El conflicto se originó en una rueda de prensa antes del partido contra el Almería, donde Xavi expresó que las limitaciones económicas del club hacían complicado competir al máximo nivel. Estas declaraciones fueron interpretadas por Laporta como una falta de confianza en su gestión y una exposición innecesaria de los problemas internos del Barcelona. Laporta, que siempre ha mantenido un discurso optimista, se sintió profundamente decepcionado con las palabras de Xavi, considerando que chocaban frontalmente con su filosofía.

A pesar de que en abril Laporta había ratificado a Xavi en su cargo hasta 2025, la situación se ha deteriorado rápidamente. El periodista Jordi Basté de 'RAC1' señaló que, a menos que ocurra un cambio de último momento, Xavi no continuaría como entrenador la próxima temporada. Además, se ha especulado que Rafa Márquez, el actual entrenador del Barça Atlètic, podría ser su sustituto.
Xavi, por su parte, reafirmó sus declaraciones sobre la situación económica. Pero insistió en su motivación y ambición para seguir luchando por títulos con el Barcelona.

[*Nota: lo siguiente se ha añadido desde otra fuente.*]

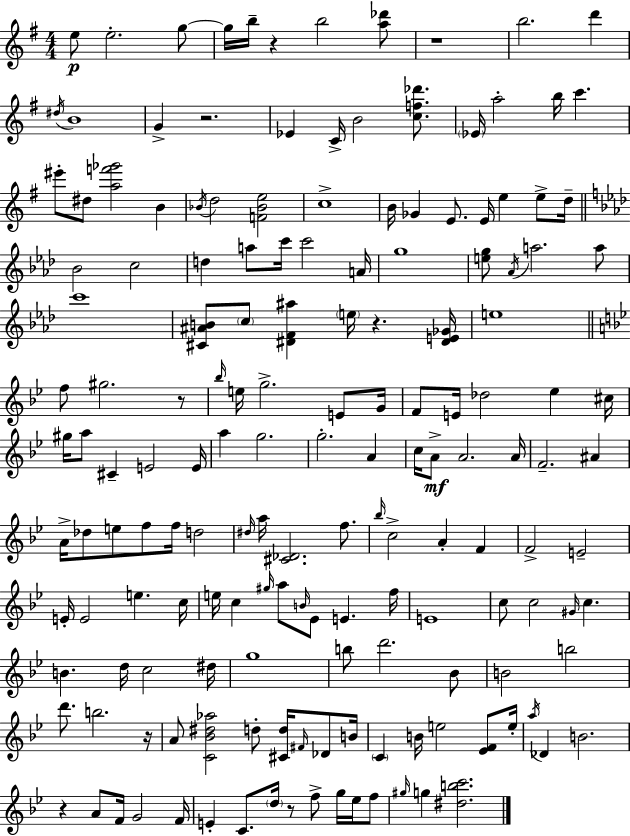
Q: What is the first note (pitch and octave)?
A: E5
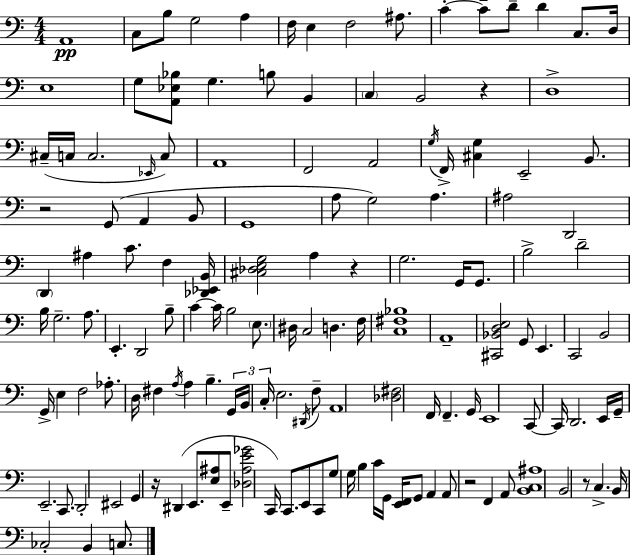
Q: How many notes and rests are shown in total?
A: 143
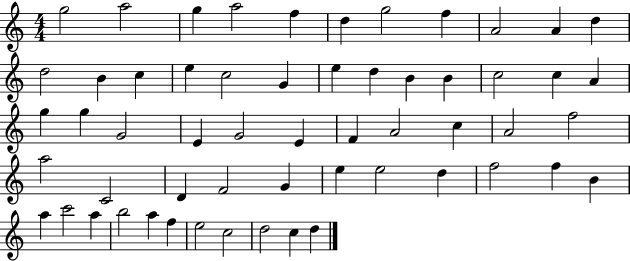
X:1
T:Untitled
M:4/4
L:1/4
K:C
g2 a2 g a2 f d g2 f A2 A d d2 B c e c2 G e d B B c2 c A g g G2 E G2 E F A2 c A2 f2 a2 C2 D F2 G e e2 d f2 f B a c'2 a b2 a f e2 c2 d2 c d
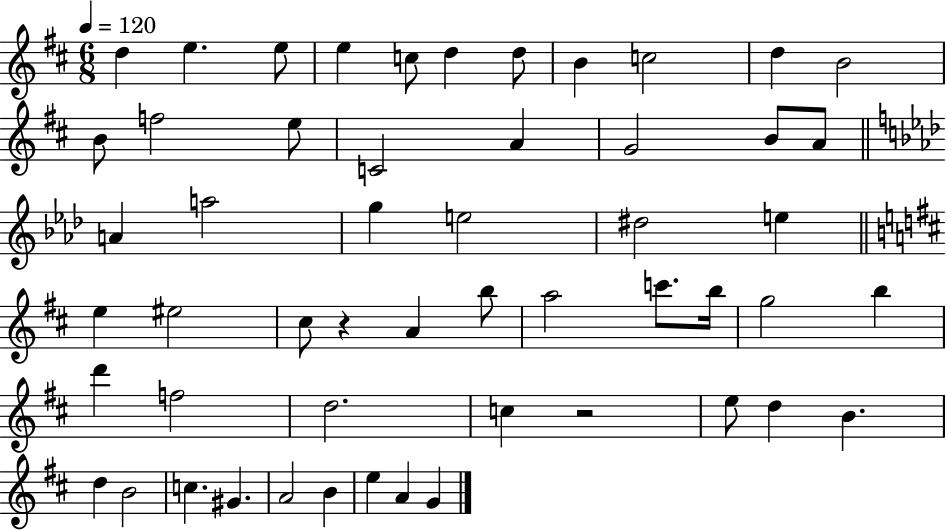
X:1
T:Untitled
M:6/8
L:1/4
K:D
d e e/2 e c/2 d d/2 B c2 d B2 B/2 f2 e/2 C2 A G2 B/2 A/2 A a2 g e2 ^d2 e e ^e2 ^c/2 z A b/2 a2 c'/2 b/4 g2 b d' f2 d2 c z2 e/2 d B d B2 c ^G A2 B e A G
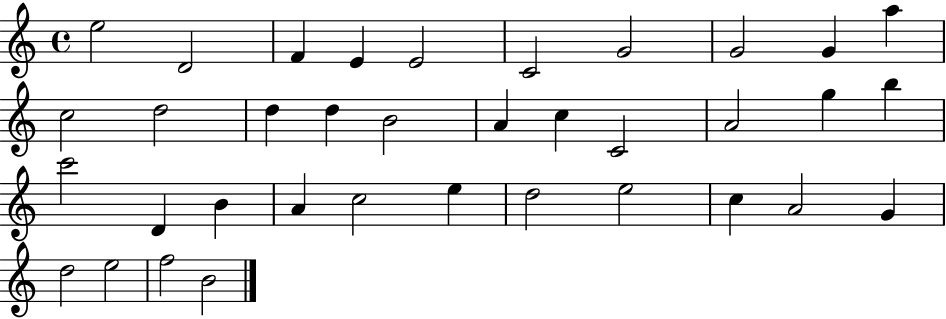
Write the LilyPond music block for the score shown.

{
  \clef treble
  \time 4/4
  \defaultTimeSignature
  \key c \major
  e''2 d'2 | f'4 e'4 e'2 | c'2 g'2 | g'2 g'4 a''4 | \break c''2 d''2 | d''4 d''4 b'2 | a'4 c''4 c'2 | a'2 g''4 b''4 | \break c'''2 d'4 b'4 | a'4 c''2 e''4 | d''2 e''2 | c''4 a'2 g'4 | \break d''2 e''2 | f''2 b'2 | \bar "|."
}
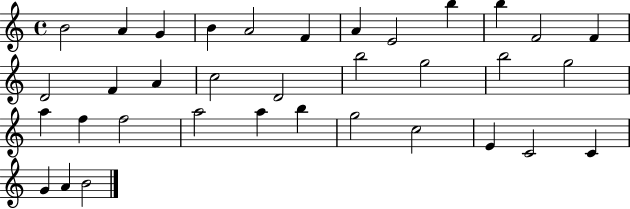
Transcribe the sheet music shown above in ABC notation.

X:1
T:Untitled
M:4/4
L:1/4
K:C
B2 A G B A2 F A E2 b b F2 F D2 F A c2 D2 b2 g2 b2 g2 a f f2 a2 a b g2 c2 E C2 C G A B2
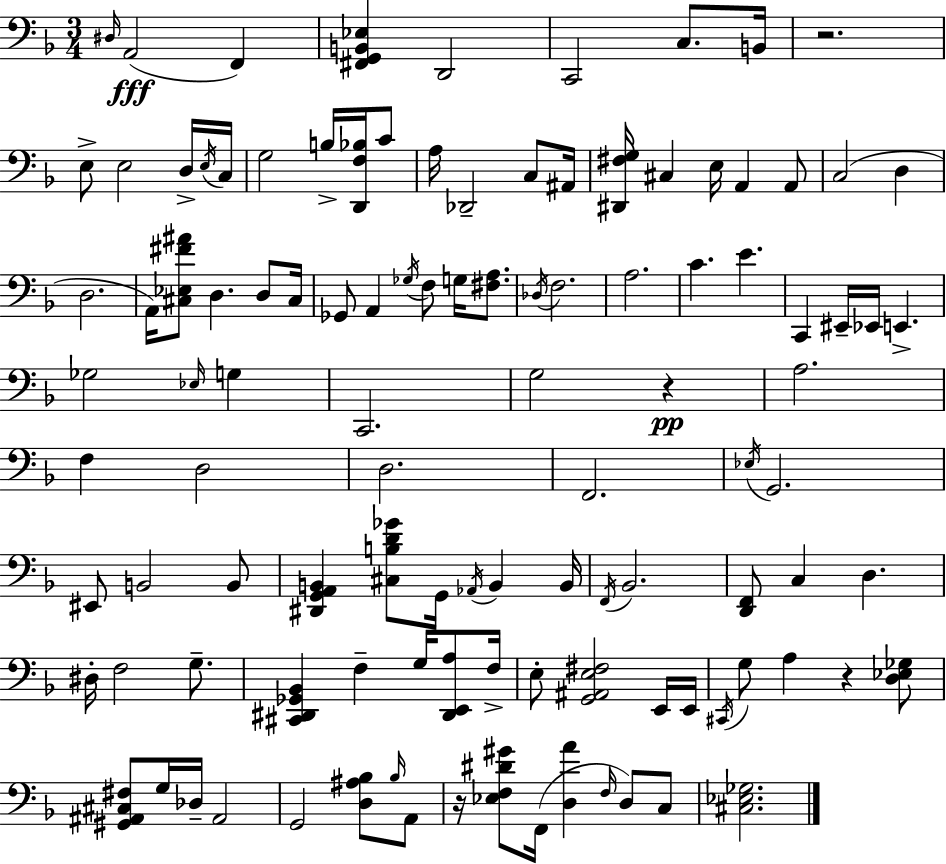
D#3/s A2/h F2/q [F#2,G2,B2,Eb3]/q D2/h C2/h C3/e. B2/s R/h. E3/e E3/h D3/s E3/s C3/s G3/h B3/s [D2,F3,Bb3]/s C4/e A3/s Db2/h C3/e A#2/s [D#2,F#3,G3]/s C#3/q E3/s A2/q A2/e C3/h D3/q D3/h. A2/s [C#3,Eb3,F#4,A#4]/e D3/q. D3/e C#3/s Gb2/e A2/q Gb3/s F3/e G3/s [F#3,A3]/e. Db3/s F3/h. A3/h. C4/q. E4/q. C2/q EIS2/s Eb2/s E2/q. Gb3/h Eb3/s G3/q C2/h. G3/h R/q A3/h. F3/q D3/h D3/h. F2/h. Eb3/s G2/h. EIS2/e B2/h B2/e [D#2,G2,A2,B2]/q [C#3,B3,D4,Gb4]/e G2/s Ab2/s B2/q B2/s F2/s Bb2/h. [D2,F2]/e C3/q D3/q. D#3/s F3/h G3/e. [C#2,D#2,Gb2,Bb2]/q F3/q G3/s [D#2,E2,A3]/e F3/s E3/e [G2,A#2,E3,F#3]/h E2/s E2/s C#2/s G3/e A3/q R/q [D3,Eb3,Gb3]/e [G#2,A#2,C#3,F#3]/e G3/s Db3/s A#2/h G2/h [D3,A#3,Bb3]/e Bb3/s A2/e R/s [Eb3,F3,D#4,G#4]/e F2/s [D3,A4]/q F3/s D3/e C3/e [C#3,Eb3,Gb3]/h.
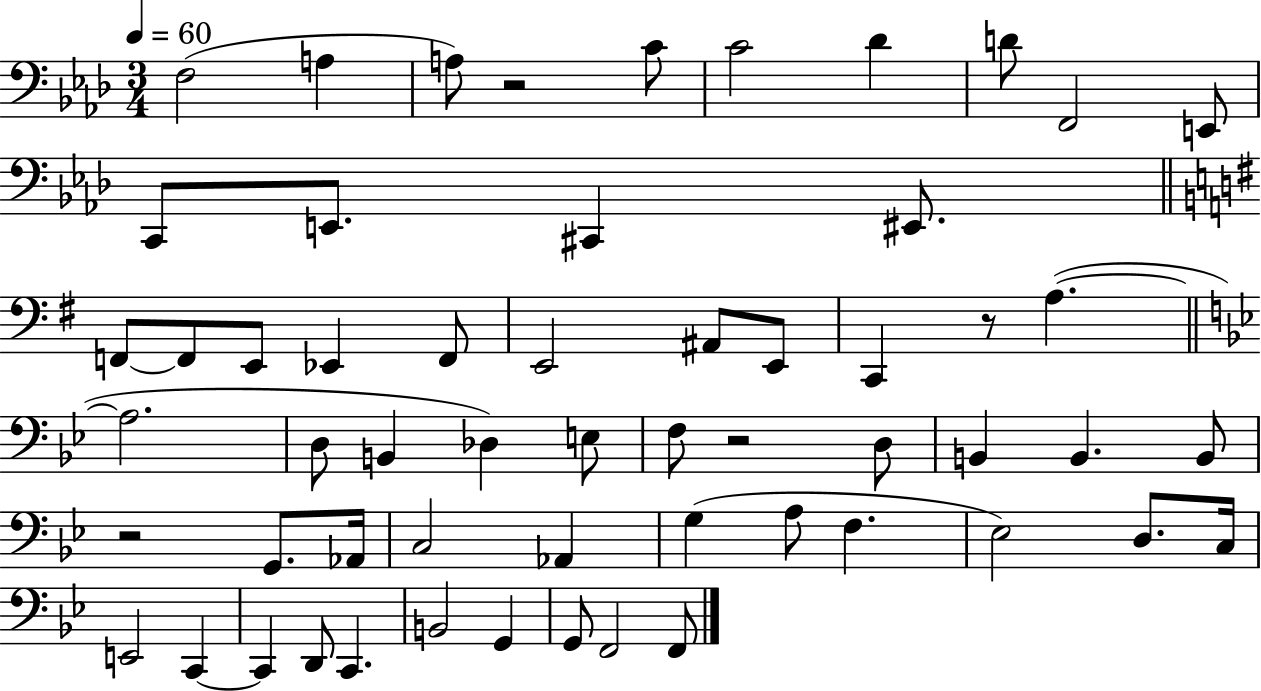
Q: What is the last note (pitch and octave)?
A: F2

Aclaró que su relación con la directiva no había cambiado. Que seguía trabajando estrechamente con Deco, el director deportivo, en la planificación de la próxima temporada.
Sin embargo, la decisión sobre el futuro de Xavi quedó en manos de Laporta y del informe técnico que Deco debía presentar. Aunque no se había tomado una decisión firme, los rumores y las especulaciones sobre la salida de Xavi se intensificaron.